Question 9. The area of a field in the shape of a trapezium measures 1440 m². The perpendicular distance between its parallel sides is 24 m. If the ratio of the parallel sides is 5 : 3, the length of the longer parallel sides is:
(a) 45 m
(b) 60 m
(c) 75 cm
(d) 120 m
Answer: (c) 75 m
Area of a trapezium \( = 1440 \text{ m}^2 \).
Perpendicular distance (height) \( = 24 \) m.
The formula for the area of a trapezium is \( \frac{1}{2} \times (\text{sum of parallel sides}) \times \text{height} \).
Let the parallel sides be \( a \) and \( b \).
\( 1440 = \frac{1}{2} \times (a+b) \times 24 \)
\( 1440 = 12 \times (a+b) \)

\( \implies a+b = \frac{1440}{12} = 120 \) m. This is the sum of the two parallel sides.
The ratio of the parallel sides is 5 : 3.
Let the longer side be \( 5x \) and the shorter side be \( 3x \).
Sum of sides \( = 5x + 3x = 8x \).
We know \( 8x = 120 \) m.

\( \implies x = \frac{120}{8} = 15 \) m.
The longer parallel side \( = 5x = 5 \times 15 = 75 \) m. The problem asks for the longer parallel side, which is 5/8 of the total sum.
(Note: Option (c) in the source has "75 cm" but the calculation is in meters. We adopt the numerical value and correct unit.)
In simple words: First, use the trapezium's area and height to find the total length of its two parallel sides. Then, use the given ratio of these parallel sides to calculate the actual length of the longer side.

🎯 Exam Tip: Be careful with units! Although an option might suggest a different unit (like cm here), always derive your answer based on the units given in the problem statement (m in this case).
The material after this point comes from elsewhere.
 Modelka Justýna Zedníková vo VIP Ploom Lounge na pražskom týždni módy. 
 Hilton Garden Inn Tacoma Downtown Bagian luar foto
Question 10. A lawn 30 m long and 16 m wide is surrounded by a path 2 m wide. What is the area of the path?
(a) 200 m²
(b) 280 m²
(c) 300 m²
(d) 320 m²
Answer: (a) 200 m²
Length of the lawn \( (\text{inner length}) = 30 \) m.
Breadth of the lawn \( (\text{inner breadth}) = 16 \) m.
Width of the path around the lawn \( = 2 \) m.
To find the dimensions of the outer rectangle (lawn + path):
Outer length \( = \text{Inner length} + (2 \times \text{path width}) \)
Outer length \( = 30 + (2 \times 2) = 30 + 4 = 34 \) m.
Outer breadth \( = \text{Inner breadth} + (2 \times \text{path width}) \)
Outer breadth \( = 16 + (2 \times 2) = 16 + 4 = 20 \) m.
Area of the path \( = \text{Area of Outer Rectangle} - \text{Area of Inner Rectangle} \).
Area of Outer Rectangle \( = \text{Outer length} \times \text{Outer breadth} = 34 \times 20 = 680 \text{ m}^2 \).
Area of Inner Rectangle \( = \text{Inner length} \times \text{Inner breadth} = 30 \times 16 = 480 \text{ m}^2 \).
Area of path \( = 680 - 480 = 200 \text{ m}^2 \). Calculating areas by multiplying length and breadth is a fundamental skill.
In simple words: First, figure out the total length and width of the lawn including the path. Then, calculate the area of this larger rectangle and subtract the area of the lawn itself. The leftover area is the area of the path.

🎯 Exam Tip: When dealing with paths around a rectangle, always remember to add the path width twice (once for each side) to both the length and breadth of the inner rectangle to get the outer dimensions.